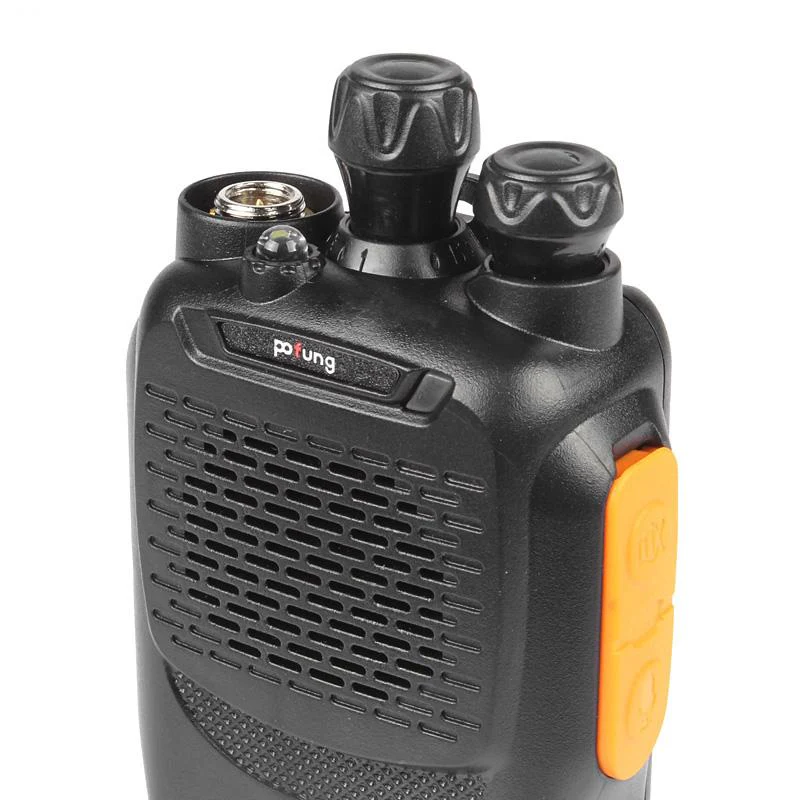 Baofeng GT-1 [2 Pack] | UHF | 5W | 16CH | Flashlight | FM Function Two-Way Radio - Image 8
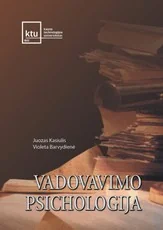 Vadovavimo psichologija — karjera-ir-finansai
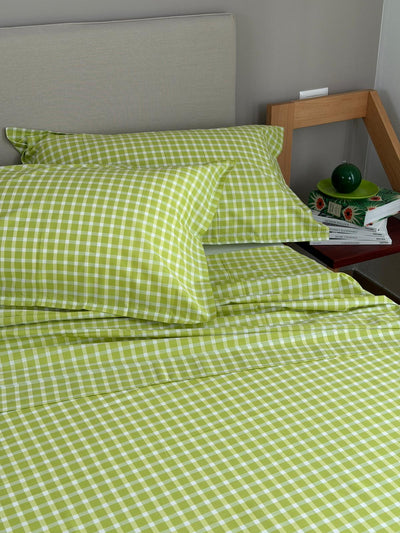 Parure Lenzuola BOSSIxMOREALI Gioia Letto Bossi x Moreali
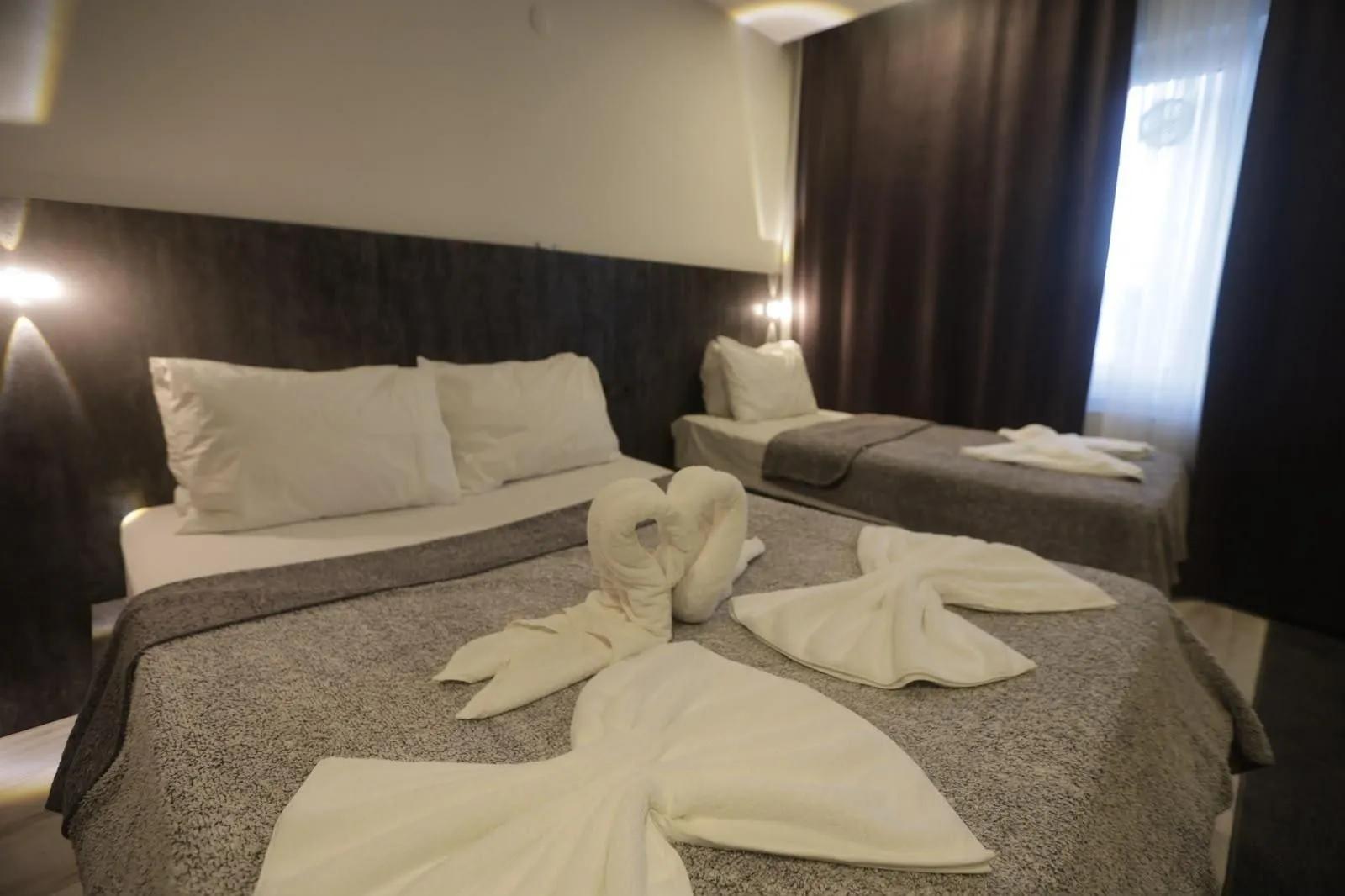 Home Suit Apart Otel Kütahya — 12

ASSIGNED TASK:
Each line from the one containing "Parure Lenzuola BOSSIxMOREALI" through the last line above should be retyped exactly, and no other line. Any picture is to be left out.

TASK RESULT:
 Parure Lenzuola BOSSIxMOREALI Gioia Letto Bossi x Moreali
 Home Suit Apart Otel Kütahya — 12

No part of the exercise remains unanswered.